I am using R dplyr and trying to mutate multiple columns in place. These columns are var1-var3, and they currently contain values of either 1 or NA. I want to apply the following logic: if a given row in var1-var3 has at least one value = 1, then any NA values for that row will be transformed to zero. If a row has NA across all columns (var1-var3), then the values will remain NA. I am trying this:
df <- data.frame("var1" = c(1,NA,1,NA,NA),
"var2" = c(NA,NA,NA,1,1),
"var3" = c(1,NA,NA,1,NA),
"age" = c(25,41,39,60,36) ,
"satisfaction" = c(5,3,2,5,4)
)
# Output
# var1 var2 var3 age sat
# 1 1 NA 1 25 5
# 2 NA NA NA 41 3
# 3 1 NA NA 39 2
# 4 NA 1 1 60 5
# 5 NA 1 NA 36 4
df <- df %>%
mutate_at(vars(contains('var')), ~ case_when(if_any(.x, `==`, 1),
ifelse(is.na(.x), 0, .x ), .x) #replace NA with 0
)
One solution which first checks if all the values across your chosen columns are NA, and then applies case_when()

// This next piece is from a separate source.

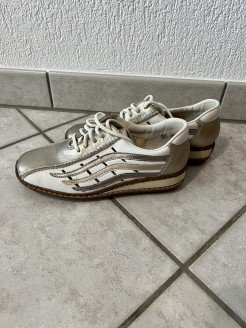 silver trainer - size 37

in combination with replace_na()
from {tidyr}:
library(dplyr)
df <- df |>
mutate(all_na = rowSums(!is.na(across(contains('var'))))) |>
mutate(across(contains('var'), ~case_when(
all_na != 0 ~ tidyr::replace_na(.x, 0),
all_na == 0 ~ .x
))) |>
select(-all_na)
returns:
var1 var2 var3 age satisfaction
1 1 0 1 25 5
2 NA NA NA 41 3
3 1 0 0 39 2
4 0 1 1 60 5
5 0 1 0 36 4